Short web captions
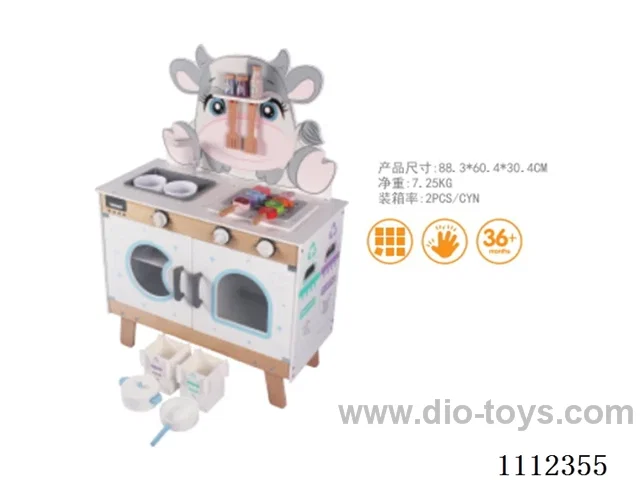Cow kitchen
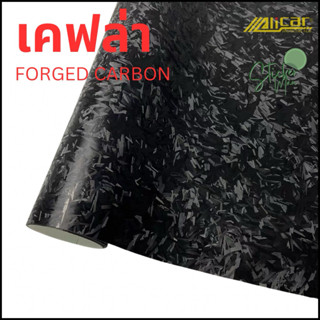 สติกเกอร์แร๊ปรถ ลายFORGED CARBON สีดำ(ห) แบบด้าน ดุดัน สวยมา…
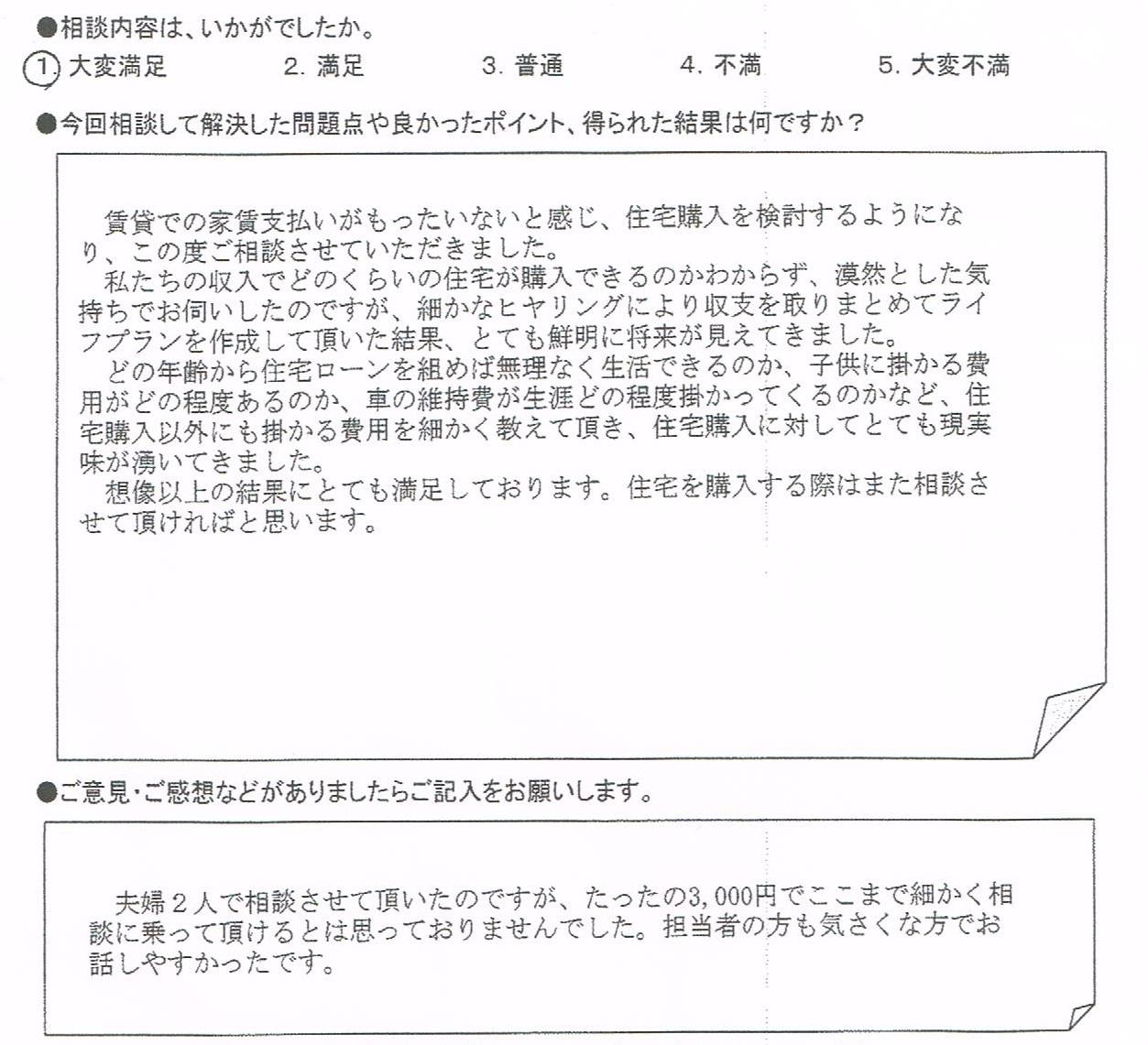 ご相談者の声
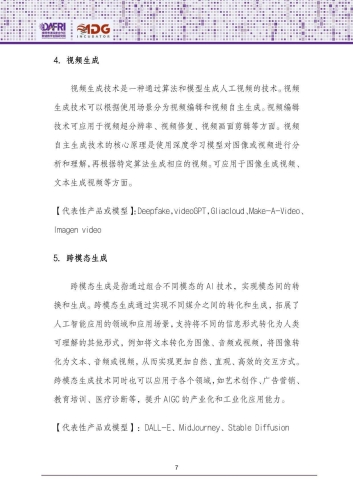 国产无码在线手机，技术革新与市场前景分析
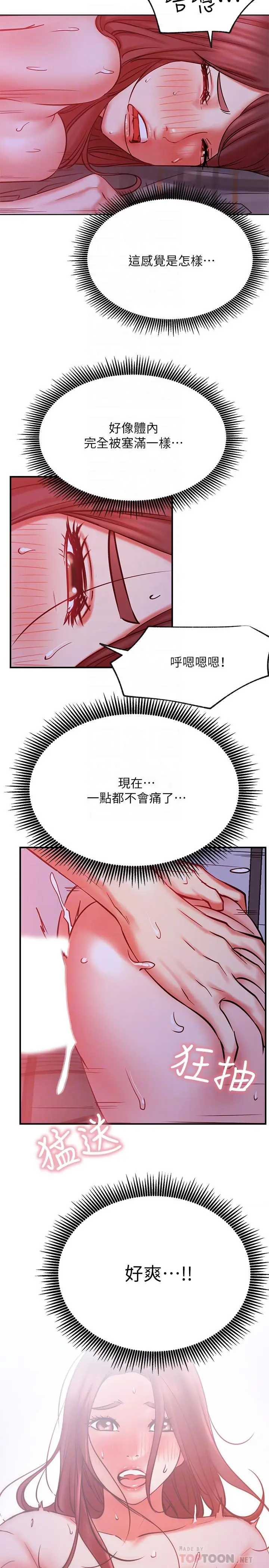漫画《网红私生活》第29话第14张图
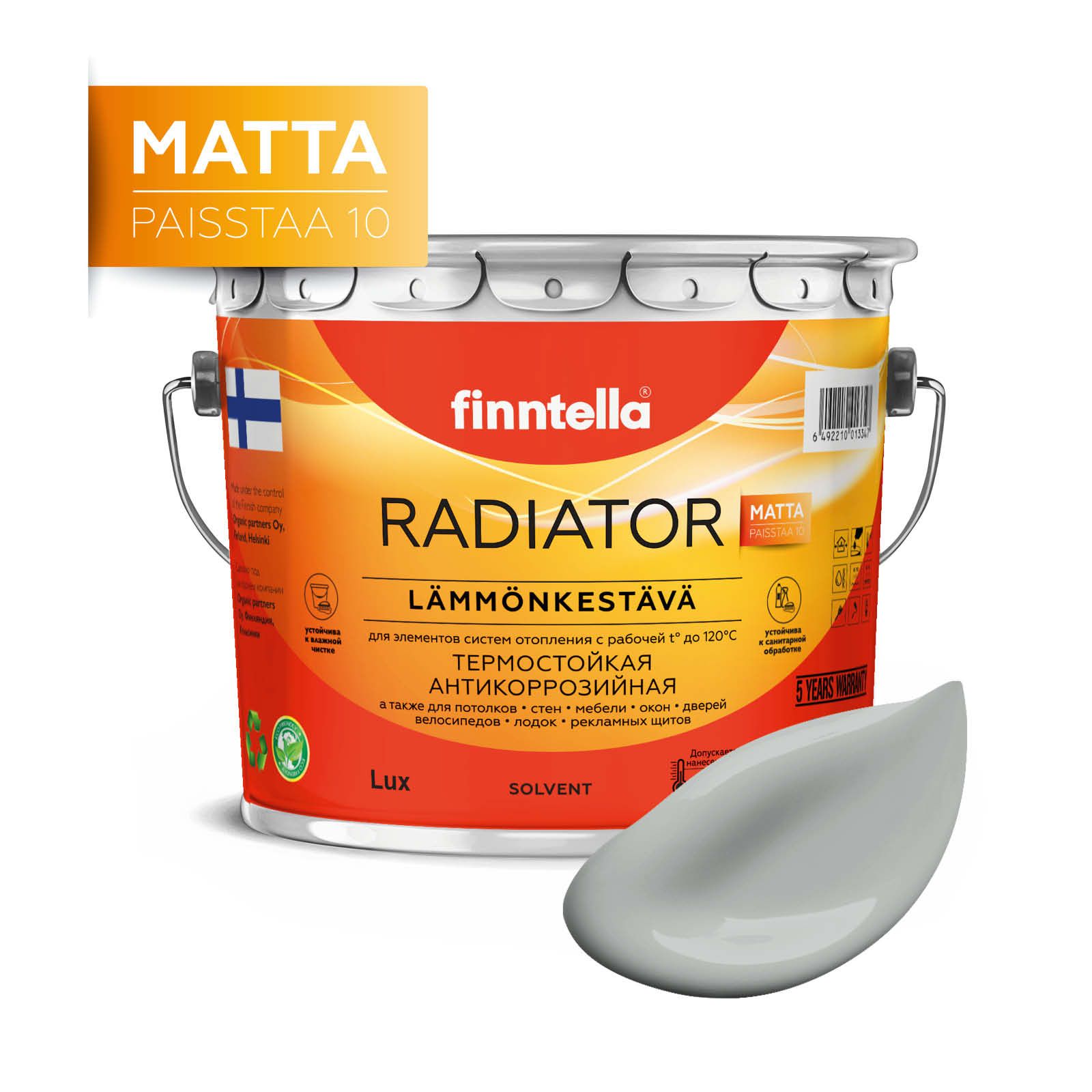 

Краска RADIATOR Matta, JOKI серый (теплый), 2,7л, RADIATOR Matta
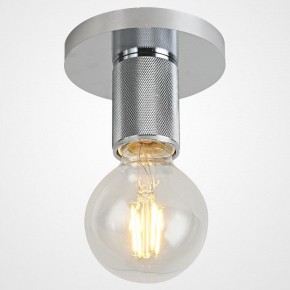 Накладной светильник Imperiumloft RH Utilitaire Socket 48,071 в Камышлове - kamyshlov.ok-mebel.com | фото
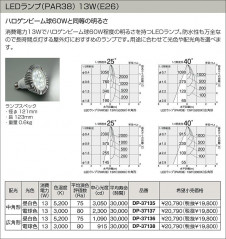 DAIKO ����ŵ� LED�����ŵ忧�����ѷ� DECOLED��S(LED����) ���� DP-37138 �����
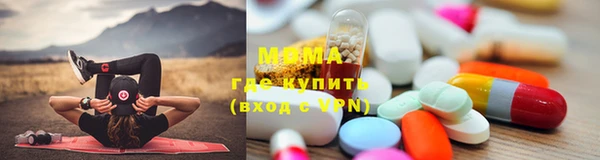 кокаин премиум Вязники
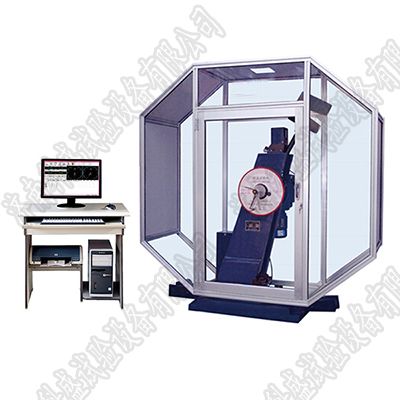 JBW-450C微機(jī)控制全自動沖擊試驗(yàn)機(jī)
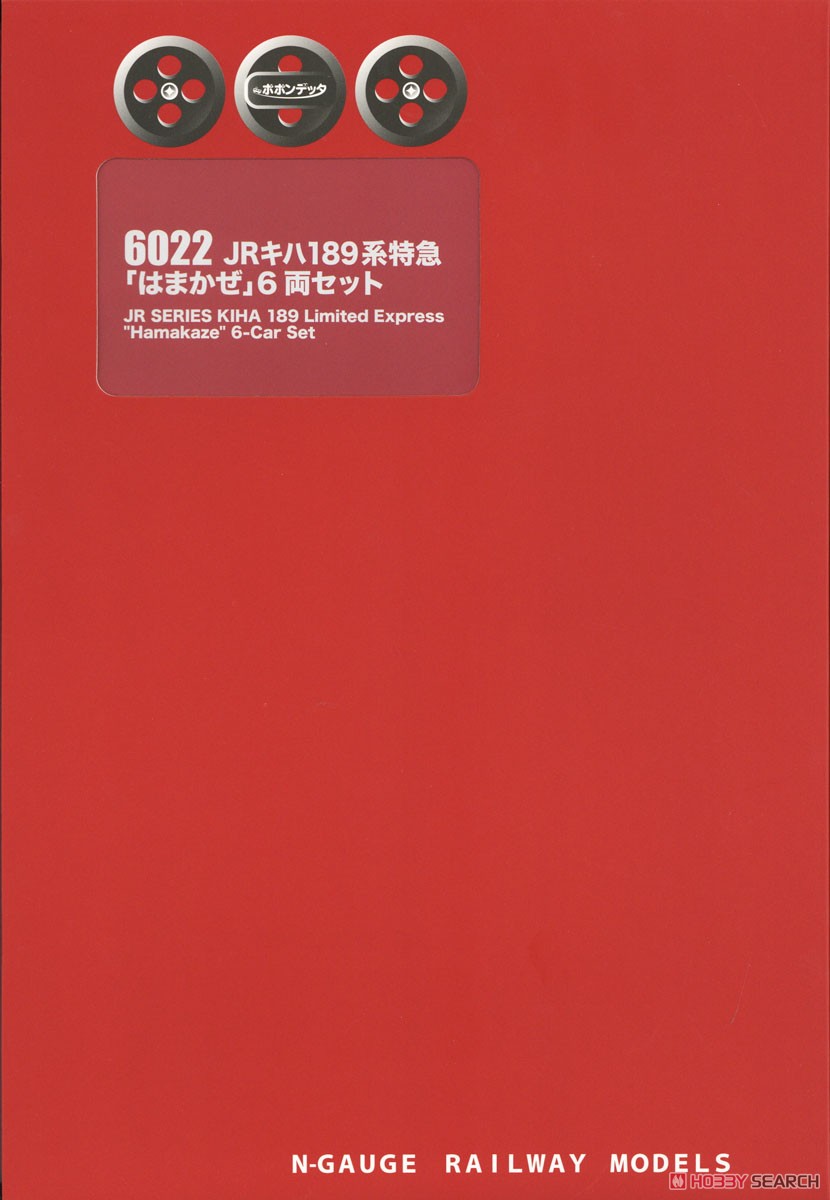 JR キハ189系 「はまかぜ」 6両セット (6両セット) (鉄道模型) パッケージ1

*Requirement:*
Give back exactly the lines running from the one that contains "кокаин премиум Вязники" to the end of the records, including both of those lines and excluding every picture.

*Reply to the task:*
 кокаин премиум Вязники
 JBW-450C微機(jī)控制全自動沖擊試驗(yàn)機(jī)
 JR キハ189系 「はまかぜ」 6両セット (6両セット) (鉄道模型) パッケージ1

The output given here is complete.